> **EXERCISE PROMPT**
When the line containing "Probrico Bathroom Door" is reached, include it and end there; set down verbatim every line before it, starting at the top of the records.

[Data entries]
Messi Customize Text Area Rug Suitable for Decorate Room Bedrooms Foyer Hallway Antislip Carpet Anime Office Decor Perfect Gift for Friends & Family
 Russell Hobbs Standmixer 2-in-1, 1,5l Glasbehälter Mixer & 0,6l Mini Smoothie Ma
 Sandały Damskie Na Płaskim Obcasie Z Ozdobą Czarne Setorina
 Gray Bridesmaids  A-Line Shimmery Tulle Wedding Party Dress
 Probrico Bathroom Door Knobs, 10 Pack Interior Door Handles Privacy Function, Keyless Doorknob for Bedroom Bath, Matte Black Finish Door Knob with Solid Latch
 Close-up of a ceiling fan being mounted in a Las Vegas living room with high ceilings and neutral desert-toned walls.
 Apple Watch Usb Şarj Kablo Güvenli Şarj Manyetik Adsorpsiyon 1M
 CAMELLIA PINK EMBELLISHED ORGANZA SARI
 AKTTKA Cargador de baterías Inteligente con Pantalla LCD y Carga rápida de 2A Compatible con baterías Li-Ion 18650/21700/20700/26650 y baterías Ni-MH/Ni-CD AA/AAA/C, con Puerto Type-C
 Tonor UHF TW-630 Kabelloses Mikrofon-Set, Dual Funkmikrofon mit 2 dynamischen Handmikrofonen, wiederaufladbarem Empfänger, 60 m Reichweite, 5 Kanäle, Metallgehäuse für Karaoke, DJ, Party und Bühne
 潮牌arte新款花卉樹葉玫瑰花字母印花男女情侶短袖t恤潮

> **SOLUTION TO THIS EXERCISE**
Messi Customize Text Area Rug Suitable for Decorate Room Bedrooms Foyer Hallway Antislip Carpet Anime Office Decor Perfect Gift for Friends & Family
 Russell Hobbs Standmixer 2-in-1, 1,5l Glasbehälter Mixer & 0,6l Mini Smoothie Ma
 Sandały Damskie Na Płaskim Obcasie Z Ozdobą Czarne Setorina
 Gray Bridesmaids  A-Line Shimmery Tulle Wedding Party Dress
 Probrico Bathroom Door Knobs, 10 Pack Interior Door Handles Privacy Function, Keyless Doorknob for Bedroom Bath, Matte Black Finish Door Knob with Solid Latch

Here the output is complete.